Gold Is Still Relevant as Insurance Policy, Franklin’s Land Says
At a time when gold is in a bear market amid record outflows from investor holdings, bullion remains relevant in portfolios as inflation may accelerate, the U.S. dollar weaken and global economic growth stall, according to Franklin Templeton Investments.
“As part of an overall diversified portfolio, gold does serve a role because some of these things are still real risks as we look forward over the next 12 months,” said Steve Land, lead portfolio manager at the firm’s Franklin Gold and Precious Metals Fund (FKRCX), which has over $1.34 billion in assets under management. He spoke by phone from San Mateo, California.
Gold has slumped 18 percent this year and entered a bear market in April as investors sold the metal in favor of riskier assets, spurred by expectations that stimulus programs would be scaled back as the global economy recovers.
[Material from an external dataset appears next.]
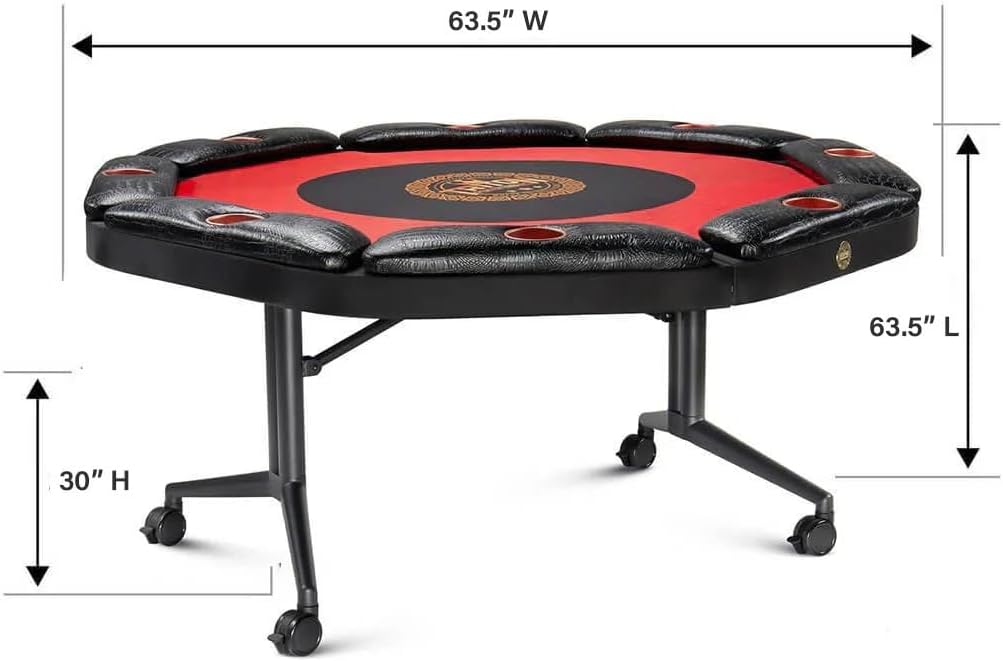 Triton Foldable Poker Table with 8 Chairs - Premium Soft-Padded Armrest, Individual Cup Holders, Portable Mat- Crafted with Durable Materials, Long-Lasting Poker Table for 8 Players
Holdings in exchange-traded products shrank 17 percent this year, after climbing every year since the first product was listed in 2003, as U.S. equity indexes reached an all-time high.
Bullion is reversing a 12-year bull run even as central banks around the world including the U.S. Federal Reserve print unprecedented amounts of money to strengthen their economies. Analysts from Goldman Sachs Group Inc. to Credit Suisse Group AG and Deutsche Bank AG called for the metal to peak this year.
Gold for immediate delivery was at $1,377.21 an ounce at 11:41 a.m. in Singapore. Prices have retreated 28 percent from the record $1,921.15 in 2011.